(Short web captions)
▶

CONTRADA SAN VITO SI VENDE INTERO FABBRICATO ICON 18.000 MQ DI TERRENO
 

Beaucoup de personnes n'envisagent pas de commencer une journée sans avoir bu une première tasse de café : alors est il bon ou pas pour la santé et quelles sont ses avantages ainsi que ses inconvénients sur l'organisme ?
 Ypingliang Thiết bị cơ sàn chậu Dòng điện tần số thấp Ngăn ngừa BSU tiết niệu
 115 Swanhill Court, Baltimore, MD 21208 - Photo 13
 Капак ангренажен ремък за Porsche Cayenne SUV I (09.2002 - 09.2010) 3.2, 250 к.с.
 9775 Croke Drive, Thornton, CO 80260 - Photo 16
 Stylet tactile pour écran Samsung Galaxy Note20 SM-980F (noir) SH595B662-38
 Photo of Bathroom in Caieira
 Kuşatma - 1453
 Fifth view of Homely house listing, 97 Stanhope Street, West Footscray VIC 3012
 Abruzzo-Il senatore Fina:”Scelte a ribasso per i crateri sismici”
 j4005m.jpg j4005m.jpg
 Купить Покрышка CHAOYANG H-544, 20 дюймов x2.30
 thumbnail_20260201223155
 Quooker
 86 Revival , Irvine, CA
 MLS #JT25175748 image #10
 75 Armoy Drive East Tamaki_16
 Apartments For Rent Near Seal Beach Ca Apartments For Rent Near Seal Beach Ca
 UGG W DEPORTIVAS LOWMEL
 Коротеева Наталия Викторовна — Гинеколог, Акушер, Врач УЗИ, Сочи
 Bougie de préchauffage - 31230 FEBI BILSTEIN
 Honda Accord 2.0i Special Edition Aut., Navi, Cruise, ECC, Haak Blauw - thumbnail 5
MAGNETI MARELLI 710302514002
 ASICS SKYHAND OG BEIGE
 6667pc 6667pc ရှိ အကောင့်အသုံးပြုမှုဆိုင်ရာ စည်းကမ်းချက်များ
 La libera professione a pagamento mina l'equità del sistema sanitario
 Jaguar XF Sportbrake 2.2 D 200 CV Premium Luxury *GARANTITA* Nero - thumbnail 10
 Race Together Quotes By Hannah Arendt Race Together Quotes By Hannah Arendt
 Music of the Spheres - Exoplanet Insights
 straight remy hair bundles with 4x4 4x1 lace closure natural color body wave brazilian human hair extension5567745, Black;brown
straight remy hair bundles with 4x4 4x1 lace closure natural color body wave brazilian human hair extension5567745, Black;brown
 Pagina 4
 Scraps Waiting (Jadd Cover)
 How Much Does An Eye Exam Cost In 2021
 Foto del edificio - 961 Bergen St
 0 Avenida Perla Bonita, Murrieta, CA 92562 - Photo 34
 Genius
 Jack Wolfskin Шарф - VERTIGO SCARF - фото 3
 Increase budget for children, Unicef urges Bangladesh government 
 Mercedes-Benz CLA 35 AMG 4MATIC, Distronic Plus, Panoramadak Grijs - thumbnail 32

◀

Your task -
Each line of the data that includes "bundles" should be copied.

Exercise solution -
 straight remy hair bundles with 4x4 4x1 lace closure natural color body wave brazilian human hair extension5567745, Black;brown
straight remy hair bundles with 4x4 4x1 lace closure natural color body wave brazilian human hair extension5567745, Black;brown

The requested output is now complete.